[Crawled caption data]
= Beginning of Section =
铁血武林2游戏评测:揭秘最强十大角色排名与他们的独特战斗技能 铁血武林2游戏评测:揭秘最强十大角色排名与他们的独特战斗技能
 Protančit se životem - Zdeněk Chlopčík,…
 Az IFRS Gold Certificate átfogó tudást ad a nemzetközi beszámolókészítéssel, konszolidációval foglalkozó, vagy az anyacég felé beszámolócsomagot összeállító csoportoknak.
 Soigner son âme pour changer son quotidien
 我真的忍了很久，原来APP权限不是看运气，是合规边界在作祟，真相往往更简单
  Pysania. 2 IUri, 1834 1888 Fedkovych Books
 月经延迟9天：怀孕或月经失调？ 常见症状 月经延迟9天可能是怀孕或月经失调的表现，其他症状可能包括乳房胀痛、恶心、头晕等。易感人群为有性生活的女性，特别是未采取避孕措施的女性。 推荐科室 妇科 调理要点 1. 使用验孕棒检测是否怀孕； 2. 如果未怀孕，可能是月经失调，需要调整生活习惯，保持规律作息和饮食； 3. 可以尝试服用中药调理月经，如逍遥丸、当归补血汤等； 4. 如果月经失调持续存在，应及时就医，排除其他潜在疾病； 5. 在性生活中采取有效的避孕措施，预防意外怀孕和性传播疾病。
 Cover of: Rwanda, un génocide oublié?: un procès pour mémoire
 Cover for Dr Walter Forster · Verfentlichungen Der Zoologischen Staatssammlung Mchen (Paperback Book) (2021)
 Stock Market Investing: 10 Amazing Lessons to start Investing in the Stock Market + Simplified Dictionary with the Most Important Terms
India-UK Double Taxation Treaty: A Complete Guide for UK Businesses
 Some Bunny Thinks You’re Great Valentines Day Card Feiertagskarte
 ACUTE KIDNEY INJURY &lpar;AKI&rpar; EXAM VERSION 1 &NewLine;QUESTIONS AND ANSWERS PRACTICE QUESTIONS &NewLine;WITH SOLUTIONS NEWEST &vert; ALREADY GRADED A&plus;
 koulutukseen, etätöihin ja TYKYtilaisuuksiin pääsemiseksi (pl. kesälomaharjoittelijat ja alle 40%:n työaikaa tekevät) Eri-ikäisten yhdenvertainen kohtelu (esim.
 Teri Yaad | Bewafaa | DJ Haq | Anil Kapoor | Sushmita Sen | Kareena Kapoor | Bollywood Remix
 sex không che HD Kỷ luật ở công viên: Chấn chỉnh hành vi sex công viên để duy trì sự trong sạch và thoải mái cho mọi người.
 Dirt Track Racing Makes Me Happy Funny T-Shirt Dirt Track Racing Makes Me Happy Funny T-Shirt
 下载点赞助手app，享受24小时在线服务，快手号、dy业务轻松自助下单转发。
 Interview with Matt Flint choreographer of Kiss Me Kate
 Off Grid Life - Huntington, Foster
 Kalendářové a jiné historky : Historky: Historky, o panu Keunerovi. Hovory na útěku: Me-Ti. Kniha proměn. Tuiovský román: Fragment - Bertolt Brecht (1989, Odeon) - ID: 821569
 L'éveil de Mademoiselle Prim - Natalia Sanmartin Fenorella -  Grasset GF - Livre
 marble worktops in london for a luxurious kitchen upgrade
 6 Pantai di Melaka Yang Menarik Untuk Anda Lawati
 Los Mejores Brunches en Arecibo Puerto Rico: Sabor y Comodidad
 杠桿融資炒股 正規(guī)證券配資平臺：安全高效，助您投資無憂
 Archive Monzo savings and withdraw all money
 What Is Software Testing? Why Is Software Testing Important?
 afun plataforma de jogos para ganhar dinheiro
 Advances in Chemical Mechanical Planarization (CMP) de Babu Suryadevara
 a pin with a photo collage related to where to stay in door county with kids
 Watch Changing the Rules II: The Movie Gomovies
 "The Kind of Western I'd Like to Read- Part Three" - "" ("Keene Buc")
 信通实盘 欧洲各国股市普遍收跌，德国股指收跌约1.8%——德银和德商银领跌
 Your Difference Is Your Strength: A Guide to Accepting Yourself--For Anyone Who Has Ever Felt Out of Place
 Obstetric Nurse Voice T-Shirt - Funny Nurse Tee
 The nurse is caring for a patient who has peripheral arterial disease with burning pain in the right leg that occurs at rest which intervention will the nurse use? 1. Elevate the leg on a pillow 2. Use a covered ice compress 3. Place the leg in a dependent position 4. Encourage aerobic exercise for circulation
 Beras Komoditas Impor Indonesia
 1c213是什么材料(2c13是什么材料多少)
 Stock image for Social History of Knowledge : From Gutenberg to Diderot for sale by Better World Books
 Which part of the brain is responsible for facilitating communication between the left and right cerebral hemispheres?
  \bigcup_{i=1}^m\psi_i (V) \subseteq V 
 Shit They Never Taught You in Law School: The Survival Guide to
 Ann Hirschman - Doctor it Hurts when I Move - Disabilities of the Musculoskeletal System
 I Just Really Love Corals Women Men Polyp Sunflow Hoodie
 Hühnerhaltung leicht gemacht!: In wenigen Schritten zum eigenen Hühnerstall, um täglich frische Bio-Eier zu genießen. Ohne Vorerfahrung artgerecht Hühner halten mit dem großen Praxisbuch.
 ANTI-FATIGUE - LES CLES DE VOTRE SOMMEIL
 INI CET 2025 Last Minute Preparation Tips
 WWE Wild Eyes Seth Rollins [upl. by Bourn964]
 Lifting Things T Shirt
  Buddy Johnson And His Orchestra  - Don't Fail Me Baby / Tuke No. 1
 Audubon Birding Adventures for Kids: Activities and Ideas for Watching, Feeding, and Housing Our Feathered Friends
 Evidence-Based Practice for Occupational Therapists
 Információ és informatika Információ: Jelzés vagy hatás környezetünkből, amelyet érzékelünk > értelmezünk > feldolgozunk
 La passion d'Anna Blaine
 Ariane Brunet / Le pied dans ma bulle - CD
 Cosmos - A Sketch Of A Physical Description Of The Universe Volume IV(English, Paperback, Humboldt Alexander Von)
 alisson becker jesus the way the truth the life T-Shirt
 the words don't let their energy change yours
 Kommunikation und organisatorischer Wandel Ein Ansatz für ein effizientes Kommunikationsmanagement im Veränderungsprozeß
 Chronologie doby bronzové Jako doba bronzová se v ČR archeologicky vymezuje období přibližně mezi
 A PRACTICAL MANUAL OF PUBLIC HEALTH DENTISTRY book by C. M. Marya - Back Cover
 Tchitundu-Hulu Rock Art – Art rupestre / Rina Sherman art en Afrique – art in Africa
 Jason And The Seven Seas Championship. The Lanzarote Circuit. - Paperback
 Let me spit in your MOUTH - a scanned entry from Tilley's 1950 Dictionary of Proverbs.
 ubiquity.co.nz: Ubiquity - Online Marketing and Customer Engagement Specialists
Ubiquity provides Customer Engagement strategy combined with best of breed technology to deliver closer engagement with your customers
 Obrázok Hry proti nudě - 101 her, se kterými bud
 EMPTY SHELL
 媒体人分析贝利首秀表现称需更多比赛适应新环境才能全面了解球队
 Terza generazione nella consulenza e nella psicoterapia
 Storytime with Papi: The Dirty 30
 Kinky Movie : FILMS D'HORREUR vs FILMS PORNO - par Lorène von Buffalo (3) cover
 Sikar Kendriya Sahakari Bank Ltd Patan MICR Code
= End of Section =
● What you need to do
Your answer should be a single number, which is the count of lines in the data above that include the word "Guide".

● Reply to the task
3